We used to tell each other secrets, and stories. He was the kind of guy you could count on to let you know the girl giving you a handjob bites her nails. One day we went to an impromptu pool party. Shorts asked me, “Do you think their will be puttys (Panties + Sluttys…underwear slang) there?” I said, “Of course!” Shorts said sheepishly, “Do you think you can help me get in with that slutty hot pink thong that was with the blond at the bar?” And so under the condition that Shorts help keep any pool boners under cover, I would help him.
What a night we had together. We swam, we drank vodka, we hid my raging pool boners from the girls. Shorts started daring me to jump in the pool, because he saw all the other pairs doing it. Reluctantly, I agreed, as long as he could hold on tight. I always thought it was a little gay when a guy would smack my ass, but when Shorts snapped his waistband on my skinny ass, I knew it meant he loved me like a brother. As I got out of the pool, Shorts was holding onto me for dear life. Almost unflatteringly so. And I’ll never forget as I started to run and jump, I slipped and fell face first into the pool.

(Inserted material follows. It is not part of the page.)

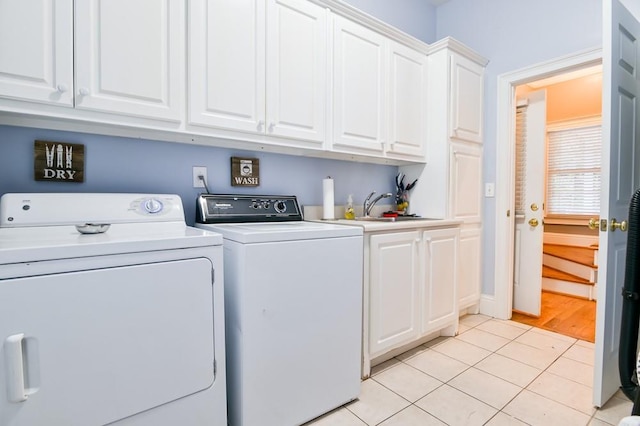 laundry area with cabinets, washing machine and dryer, sink, and light tile patterned floors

We both floundered about for a little while, but upon regaining my composure I realized, nobody had seen the debacle. I told Shorts he better keep this on the super down low, or I swear to god I will use him to clean windows. We both laughed.
But it wasn’t always good times with Shorts. There were bad times too. At one point he thought he knocked up this underwire bra. They were pink, lacey, and quite obviously only good for their looks. I’ve never seen Shorts so scared. I could barely fit in his waistband that day, and when I asked him what was wrong, he barely could get it out. Almost crying, “She said she was a C. How was I to know she was underwire? All I can think of is A cup will land you in the A Block” Luckily she wasn’t prego, it was just the side effects of her starving herself half to death to maintain the lacyness.

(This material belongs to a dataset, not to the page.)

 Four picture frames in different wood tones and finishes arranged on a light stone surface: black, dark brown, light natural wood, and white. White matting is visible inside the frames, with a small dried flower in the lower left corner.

Then there was the Mill Ave incident of ‘08. You know, it’s terrible how there are practically no useable bathrooms on Mill ave. Shorts almost got the full effect of this one fateful night. I was wandering around a few beers deep and realized that I had a full on bathroom emergency. The kind that sets off those “Am I really going to shit myself?” alarms. It was a tense few moments for Shorts and me, but the whole time, he said he’d forgive me and keep my secret. That’s the kind of guy Shorts was. He was someone you could count on. He was the guy you’d pull out of the dryer just to wear, or the pair that would hold the illustrious position of being on top of the basket.
So, Shorts, I’ll miss you buddy. I know you’re somewhere better now, looking down at me, laughing at that bitch who bites her nails.